• [Stored data]:
--------

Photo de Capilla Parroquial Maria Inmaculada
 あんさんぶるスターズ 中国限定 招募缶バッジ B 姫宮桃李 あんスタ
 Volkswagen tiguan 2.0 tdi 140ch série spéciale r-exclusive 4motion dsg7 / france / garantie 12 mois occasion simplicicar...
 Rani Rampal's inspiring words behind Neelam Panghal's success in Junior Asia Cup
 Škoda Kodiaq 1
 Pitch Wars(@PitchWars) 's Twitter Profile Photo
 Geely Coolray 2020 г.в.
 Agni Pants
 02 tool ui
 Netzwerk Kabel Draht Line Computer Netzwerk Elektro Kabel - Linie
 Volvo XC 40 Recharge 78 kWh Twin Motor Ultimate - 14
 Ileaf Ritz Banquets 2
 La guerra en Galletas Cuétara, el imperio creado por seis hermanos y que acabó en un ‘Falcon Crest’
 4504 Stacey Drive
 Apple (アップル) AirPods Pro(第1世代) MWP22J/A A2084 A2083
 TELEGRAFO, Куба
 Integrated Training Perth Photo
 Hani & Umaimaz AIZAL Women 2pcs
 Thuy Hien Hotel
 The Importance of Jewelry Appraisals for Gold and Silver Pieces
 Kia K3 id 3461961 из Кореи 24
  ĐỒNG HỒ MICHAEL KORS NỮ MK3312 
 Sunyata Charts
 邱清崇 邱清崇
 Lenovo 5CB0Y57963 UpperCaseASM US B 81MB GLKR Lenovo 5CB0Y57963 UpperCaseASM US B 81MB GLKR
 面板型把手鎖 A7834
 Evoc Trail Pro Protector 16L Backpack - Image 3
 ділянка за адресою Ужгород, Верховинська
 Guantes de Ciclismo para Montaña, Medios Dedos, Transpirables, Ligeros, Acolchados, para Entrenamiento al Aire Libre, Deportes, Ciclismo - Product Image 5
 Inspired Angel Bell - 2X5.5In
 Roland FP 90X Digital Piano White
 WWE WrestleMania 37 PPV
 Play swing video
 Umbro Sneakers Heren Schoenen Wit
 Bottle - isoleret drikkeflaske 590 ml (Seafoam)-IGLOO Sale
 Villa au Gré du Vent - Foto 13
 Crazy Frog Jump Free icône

--------

• [What the task requires]: Please give back exactly the lines of this listing beginning at the line with "4504 Stacey Drive" and ending with the line with "ділянка за адресою Ужгород, Верховинська", both included, and nothing else.

• [Solution for this task]:
 4504 Stacey Drive
 Apple (アップル) AirPods Pro(第1世代) MWP22J/A A2084 A2083
 TELEGRAFO, Куба
 Integrated Training Perth Photo
 Hani & Umaimaz AIZAL Women 2pcs
 Thuy Hien Hotel
 The Importance of Jewelry Appraisals for Gold and Silver Pieces
 Kia K3 id 3461961 из Кореи 24
  ĐỒNG HỒ MICHAEL KORS NỮ MK3312 
 Sunyata Charts
 邱清崇 邱清崇
 Lenovo 5CB0Y57963 UpperCaseASM US B 81MB GLKR Lenovo 5CB0Y57963 UpperCaseASM US B 81MB GLKR
 面板型把手鎖 A7834
 Evoc Trail Pro Protector 16L Backpack - Image 3
 ділянка за адресою Ужгород, Верховинська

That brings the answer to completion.